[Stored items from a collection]
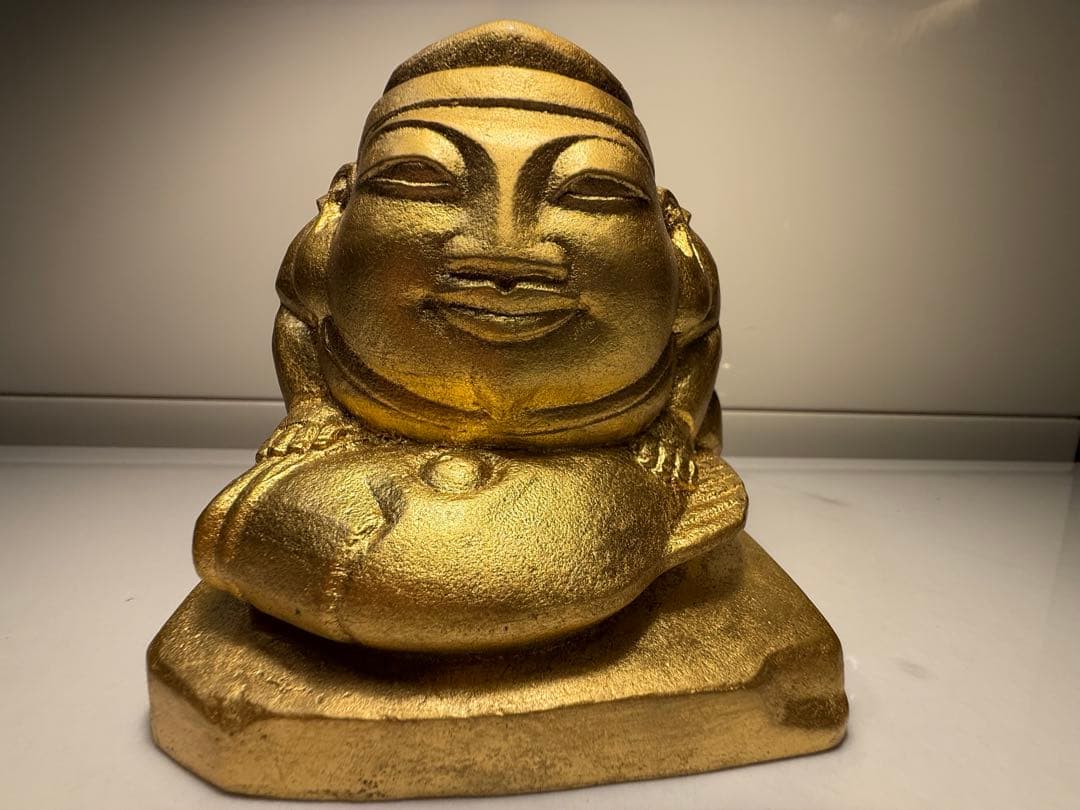 平櫛田中作　福徳恵比須座像　金箔ブロンズ像　田中名刻印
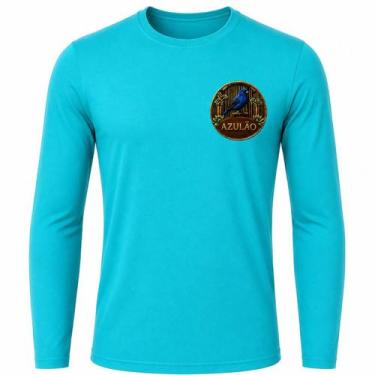 Imagem de Camisa Uv +50 Pássaro Azulão - Proteção Solar cor:Azul TurquesaTamanho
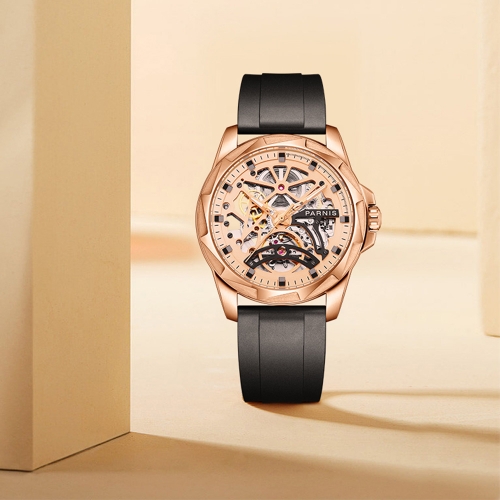 43mm Parnis Neue aushöhlen Zifferblatt Saphirglas Seagull automatische mechanische Armbanduhr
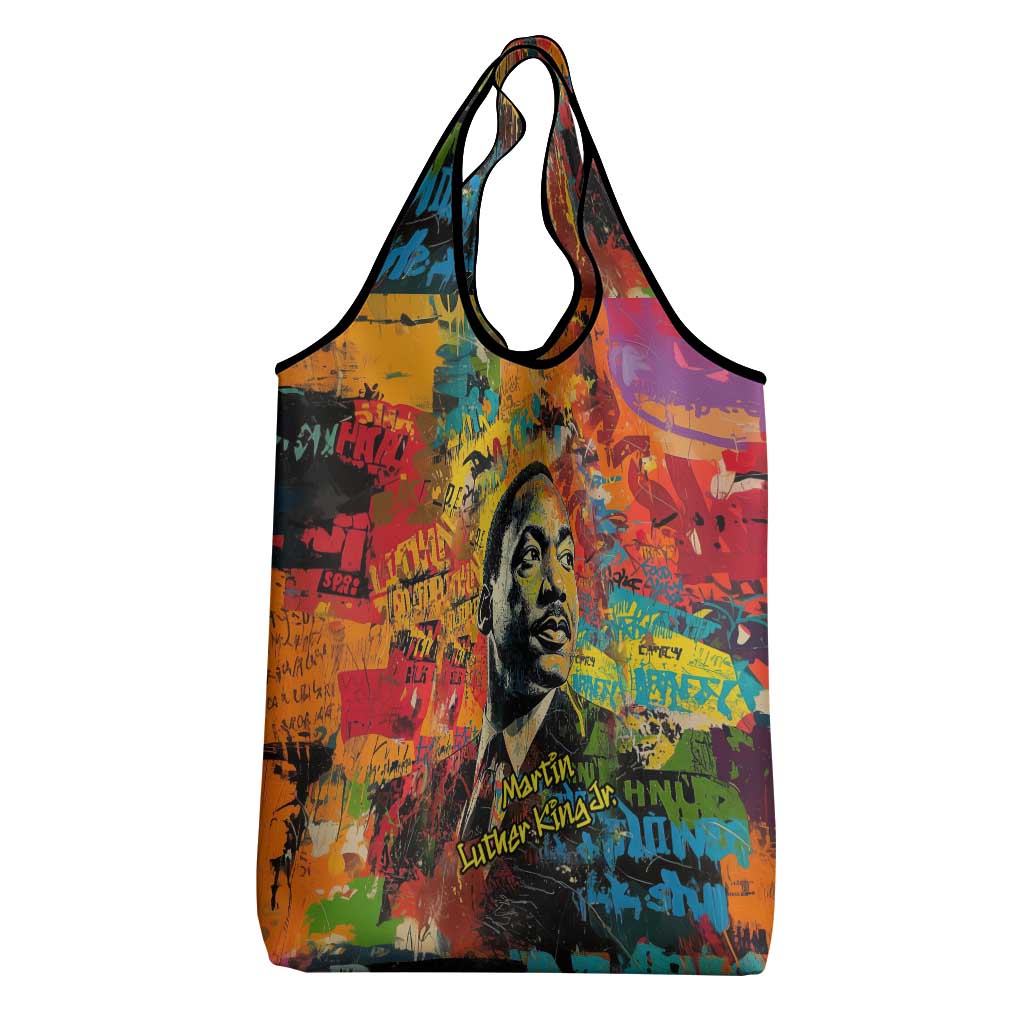 Martin Luther King Jr Grocery Bag Colorful Street Art Portrait Black History Graffiti Style - Wonder Print Shop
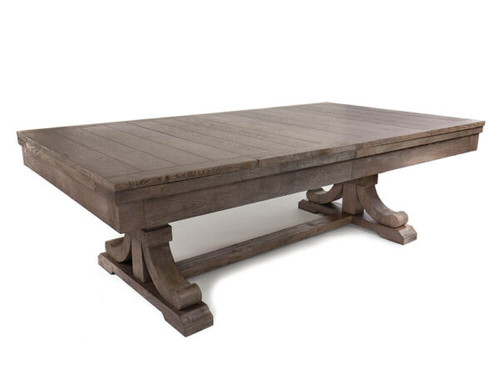 Table Size: 	7’ or 8’
Finish: 	Weathered Oak
Pockets: 	Leather Drop Pockets
Cloth: 	Different color options available, photographed with Steel Gray
Sights: 	Round Metal Silver
Leg: 	One-piece pedestal style
Coordinating Product: 	Dining top, Bench, 12’ Shuffleboard, Pub table and stools, Spectator Chair, Wall rack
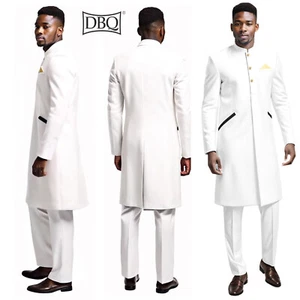 Conjunto de chaqueta y pantalón blazer largo de un solo pecho informal traje de lino de 2 piezas para hombre - Imagen 1 de 20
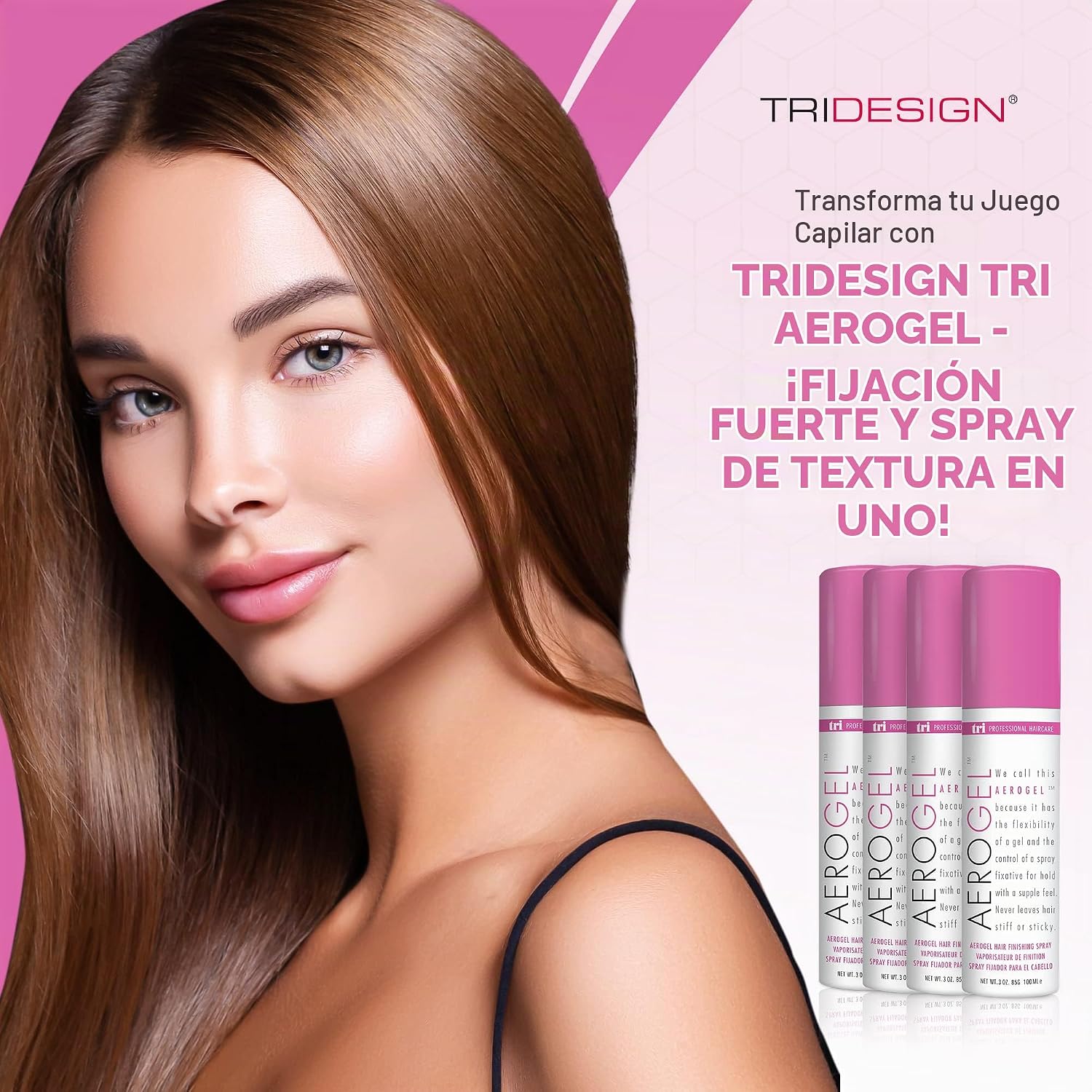 SPRAY FIJADOR AEROGEL TRI DESIGN STRONG HOLD VOLUMIZING 3 OZ PACK X4 - 5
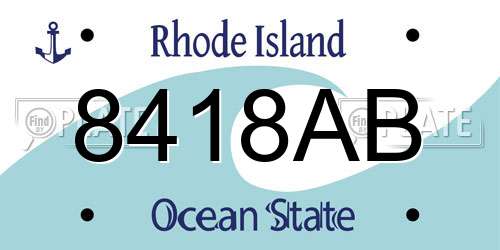 8418AB Rhode Island License Plate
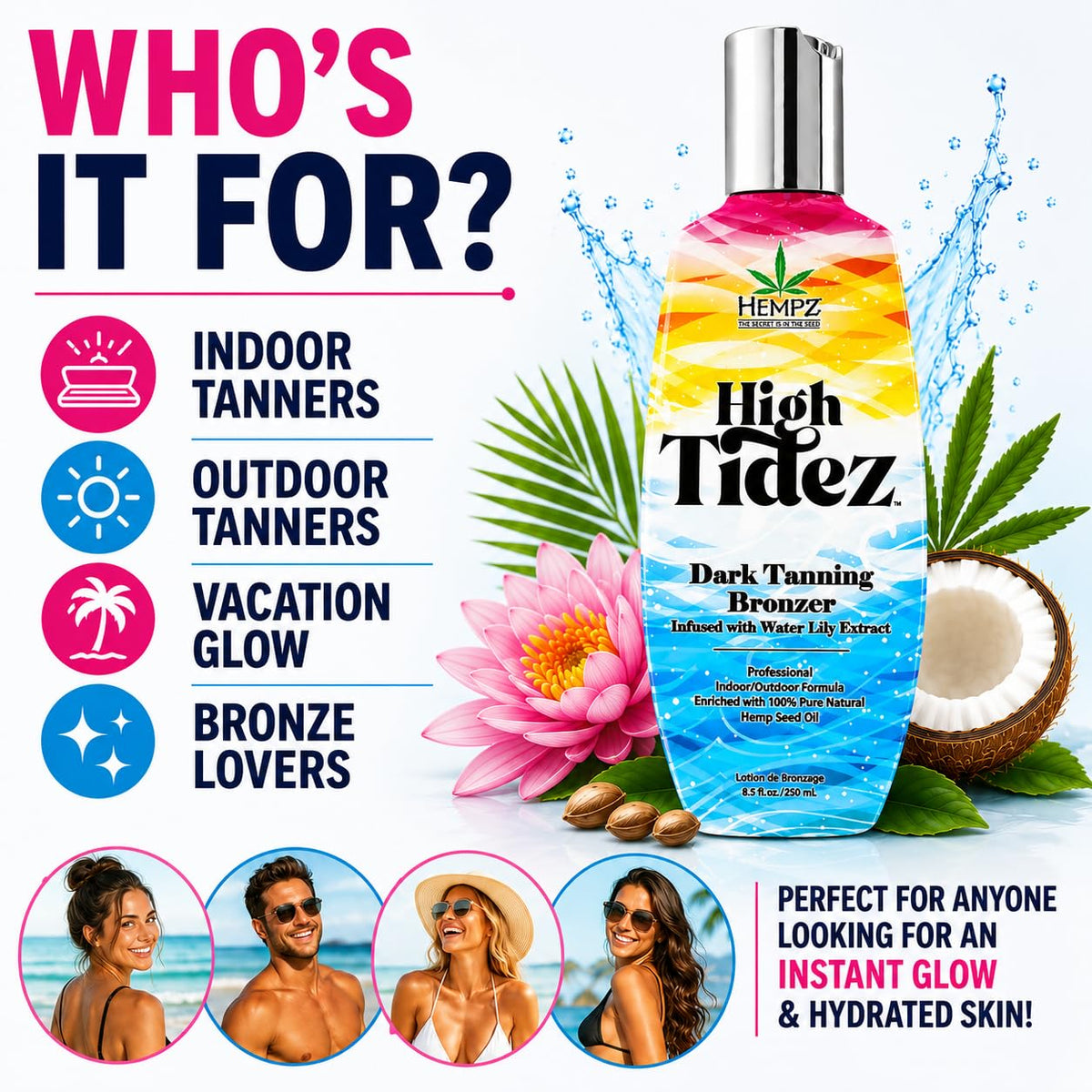 Hempz High Tidez Dark Tanning Bronzer Infused with Water Lily Extract Indoor/Outdoor 8.5oz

REQUIRED WORK →
Your task is to retype, exactly and only, the lines from the line holding "8418AB Rhode Island License Plate" through the final line of the data above, with both ends kept. Drop the pictures.

WORKED SOLUTION →
 8418AB Rhode Island License Plate
 Hempz High Tidez Dark Tanning Bronzer Infused with Water Lily Extract Indoor/Outdoor 8.5oz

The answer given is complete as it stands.